If You Think Your Husband Is Trying To Kill You, Try Writing Elle Magazine For Advice


What do you do when you think your unemployed husband is slowly poisoning you to kill you off and get a hold of your assets? Why, write to an advice columnist, of course.

Advice columnists at Elle Magazine were certainly surprised when they received a letter from “Losing Sleep,” confessing that she believed her husband was killing her by putting poison in her coffee and in her expensive lotions. All “Losing Sleep” wants to do is catch the scoundrel, and asks columnist E. Jean Carroll if she could recommend an easy-to-use (and easy to hide,) camera that she can use to try to catch her husband in the act. The writer confesses that she thinks her husband found the video camera she initially hid in their bathroom, and dismantled the evidence.

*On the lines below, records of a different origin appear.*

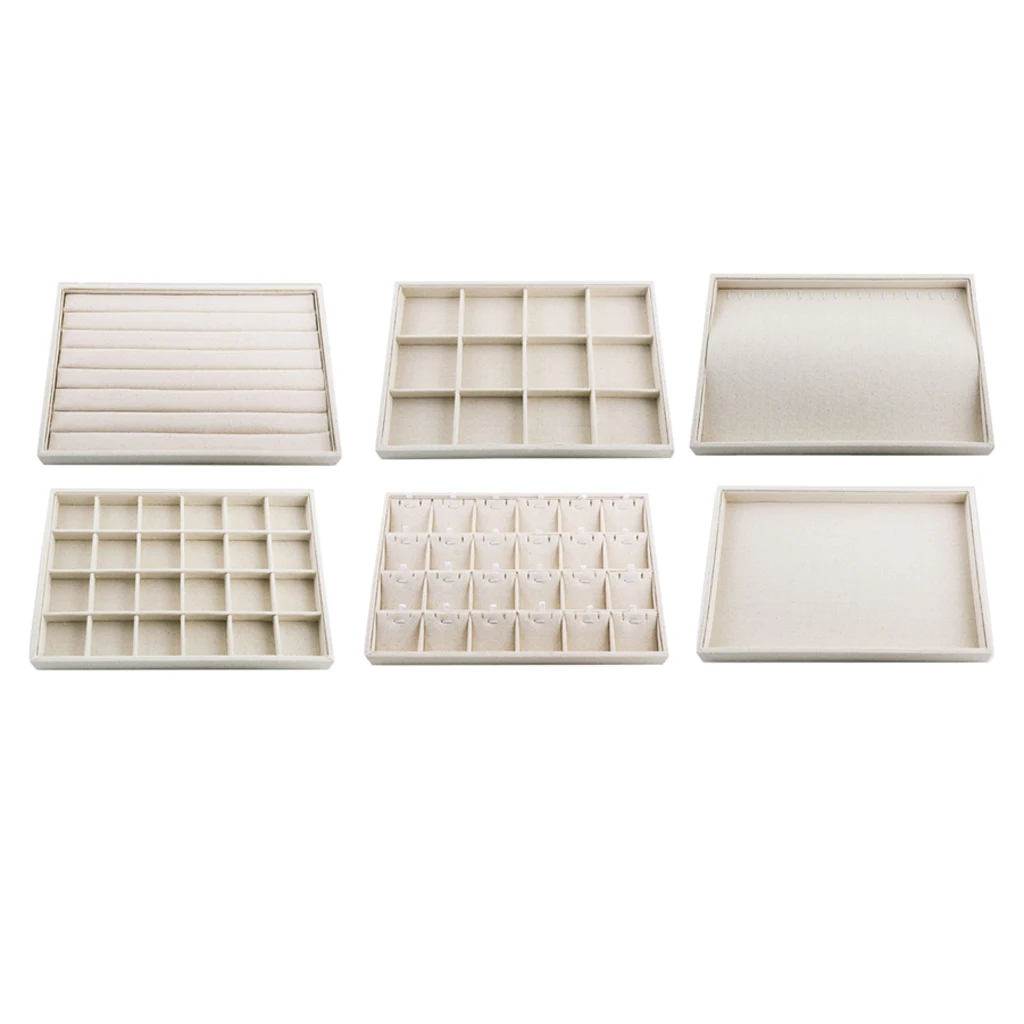 Multifunctional Beige Linen Jewelry Tray Jewelry Display Organizer Holder Case Earring Storage Box for Bracelet Necklace серьги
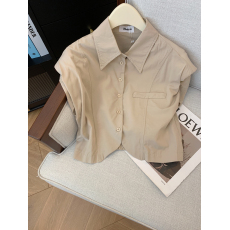批发实拍 夏季新款洋气甜酷个性短款上衣女潮百搭女士显瘦无袖衬衫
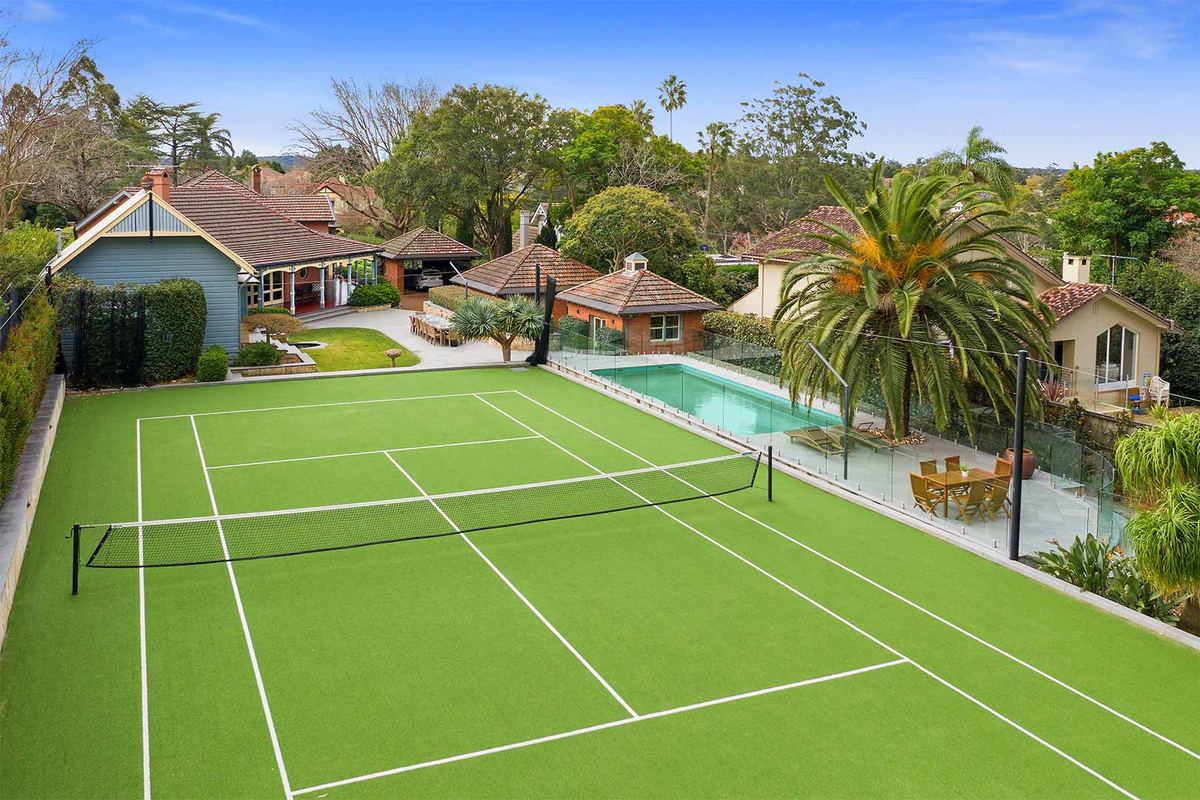 Grass tennis court in the garden of a North Shore estate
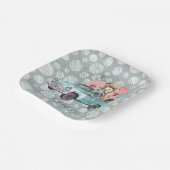 ヴィンテージティール（緑がかった色）トラックテディベア赤ちゃんシャワー ペーパープレート (傾斜あり)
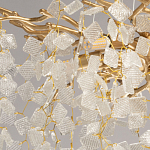 Люстра подвесная золотого цвета с декоративными ветвями и прозрачными рельефными подвесками FAIRYTREE Light варинант исполнения - 4 | Loft Concept в Липецке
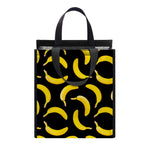 Black Banana Pattern Print Insulated Lunch Tote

Carroll’s advice? Get out. “Your marriage is over,” the columnist writes.

The initial letter from “Losing Sleep” reads, in part, as follows:

“I suspect he’s putting something in my coffee. I notice it smells funny, and when I drink it, my eyes get super puffy and swollen. I suspect he’s also adding stuff to my lotions and bath products, which created brown discolorations on my skin. My legs look as if they’re covered in snakeskin…These are expensive, high-end products that I know from experience work well. My suspicions have been further aroused since he’s started ranting about my ‘using chemicals.’

Last month I purchased a small camera and hid it in the bathroom, but I think he discovered it and deleted the files. So I moved it to a new location, and he put something in front of the lens. I need help. I’ve been married to this man for 11 years! I don’t know what to do! I’m freaked out!

I have a successful career and own significant assets. He doesn’t work. Obviously, if he wanted to kill me, he’s had plenty of chances. So my questions: Can you suggest a camera that might be more user-friendly and more easily concealed?”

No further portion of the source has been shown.